NEW YORK — Police are investigating allegations of sexual misconduct leveled against celebrity chef Mario Batali.
The NYPD confirmed the probe following a "60 Minutes" broadcast Sunday night in which an unnamed woman accused Batali of drugging and sexually assaulting her in 2005.
She says she remembers joining him for a glass of wine at a Manhattan restaurant, then waking up on the floor feeling drugged and assaulted.
She says she talked to the police but never filed a report.
Batali issued a statement to PIX11 News denying that he assaulted the woman.
"I vehemently deny any allegations of sexual assault. My past behavior has been deeply inappropriate and I am sincerely remorseful for my actions," the statement read. "I am not attempting a professional comeback. My only focus is finding a personal path forward where I can continue in my charitable endeavors - helping the underprivileged and those in need."
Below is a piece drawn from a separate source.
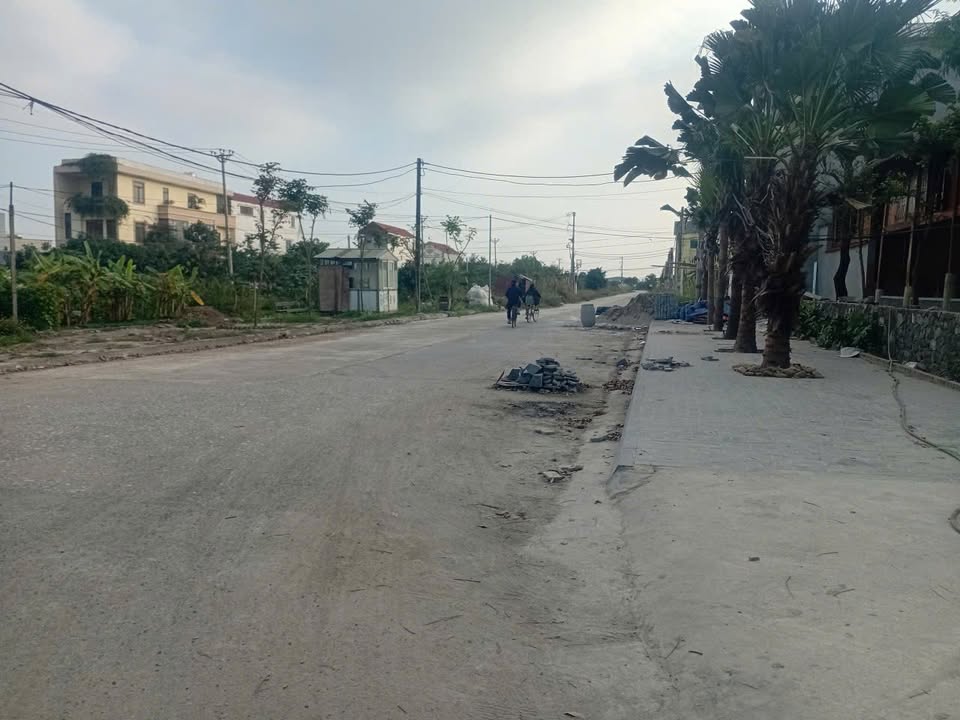 Bán Đất Lô Góc 2 Mặt Tiền Đồng Trằm Hoa Lư 120m² - Giá Tốt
Trish Nelson, a former waitress at the Spotted Pig in Greenwich Village, was part of that "60 Minutes" broadcast. She, too, has accused Batali of assault, calling him "a monster."
For years, Nelson said, she and other female members of the Spotted Pig staff were subjected to heinous treatment in which they were sexually assaulted, groped and violated.
She said the unwanted sexual advances came from Batali and from his friend Ken Friedman, who owns the Spotted Pig, with much of the alleged inappropriate behavior taking place on the restaurant's infamous third floor, a place for celebrities and loose rules.
"They've ruined lives and they've hurt people and they've come out fairly unscathed," Nelson told PIX11 News.
She said she also blames chef April Bloomfield, whom Nelson believes knew exactly what was happening.
"I know she was aware because I was there and she chose money and power over humans," Nelson said.
In a statement to PIX11 News, The Spotted Pig said:
"The Spotted Pig is committed to providing a work environment free of any form of harassment and has ensured in recent years that all proper policies and procedures for handling employee relations matters are in place.
"Mario Batali has never held any management position at The Spotted Pig nor had any supervisory role involving staff or operations of the restaurant.
"After Ken Friedman was informed by employees of their being uncomfortable with Mario's behavior many years ago, Mario was told he could no longer hold parties at the restaurant. (This was confirmed by employees and others on the record, however CBS chose not to include this in the story)"
Batali stepped down from daily operations at his restaurant empire and cooking show "The Chew" in December after four women accused him of inappropriate touching over a period of 20 years.
Batali has apologized for those encounters.